Notices of Appearance
Key Points
Session 11 on Jurisdiction and Inquisition presented some crucial knowledge on how to handle the extremely stressful experience of police arrest, police raids and police interviews, while still respecting that the vast majority of police are themselves decent people. Also discussed were some rarely comprehended procedural issues concerning court and the nature of Jurisdiction and Appearance; and why, when people forget or ignore these procedures, they effectively “hand over” control to the opposing side by effectively admitting they are incompetent, and idiots and therefore subject to the jurisdiction of the court. Some highlights were:
Police have three primary goals being:
- Obtain confession.
- Form a contract.
- Discredit any alternate testimony.
When faced even with the most intimidatory circumstances of raids and arrest, there is a way to handle oneself. No one can properly force you to make testimony or enter a contract if they refuse to divulge the facts.
Jurisdiction is two things:
- Authority of a forum to administer justice.
- Authority of jurist to sit and hear and interpret the law of such a forum.
Appearance is two things:
- Physical presence.
- Formal capacity & character of defendant coming to a valid forum of law to resolve a legal argument.

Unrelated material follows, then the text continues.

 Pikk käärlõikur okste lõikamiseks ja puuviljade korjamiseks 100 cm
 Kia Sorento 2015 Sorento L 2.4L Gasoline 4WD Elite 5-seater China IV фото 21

A defendant must submit some memorandum of appearance on the day to identify their capacity and character of defense (i.e. attorney-in-fact, or advocate-of-law, or self-representation, PRO SE);
There are two types of Appearance:
- Special challenges the jurisdiction of court.
- General as acceptance and submission to jurisdiction of court.
Notice of Special Appearance – Registered Post
Appearance is not only the physical presence at the court on the day of the hearing or trial or mention, but also the procedural memorandum and notification of the court by the defense as to the claimed standing and character of the defense. It is now time to discuss an extension of that knowledge in matters where a summons is issued by the mail or has been served by another party ahead of a proposed court date. It is called Notice of Appearance, or in this case Notice of Special Appearance.
If there is no possibility of receiving a logical or fair hearing and that overwhelmingly there is evidence the court has no jurisdiction, then you may seek to respond with a Notice of Special Appearance, supported by a properly formed Affidavit and finally a series of questions called Interrogatories that go to the heart of the challenge of jurisdiction.
However, be warned. Unless you are 100% competent and knowledgeable back-to-front and front-to-back on the knowledge presented in this series, and are capable of being calm and collected under fire, you are effectively “poking a bear in the eye with a stick” when challenging as special appearance, and do not expect an easy process. On the other hand, if you have clear evidence of existing dishonor by the other side and clear omissions within their claim, plus evidence of counter claim, then you may choose to use the Notice of Appearance as the delivery mechanism of your intentions up front to the court, so there can be no automatic default or white-washing of your evidence. In the end, it is your choice. However, consider very carefully what you do, because there is the possibility of having matters dismissed and discharged while still accepting General Appearance if not done properly.
The key points about the Notice of Appearance or Notice of Special Appearance is that it is your opportunity to get the surety and details of any Attorney-In-Fact or Advocate-Of-Law into their system, plus the fact that your Affidavit is your response and challenge.
Notice of Appearance – Affidavit
The purpose of an Affidavit is to provide testimony given under oath in a form acceptable to their system, providing facts and proof (or annexures) based on first hand evidence and knowledge that is NOT hearsay, or opinion, or conspiracy or conjecture.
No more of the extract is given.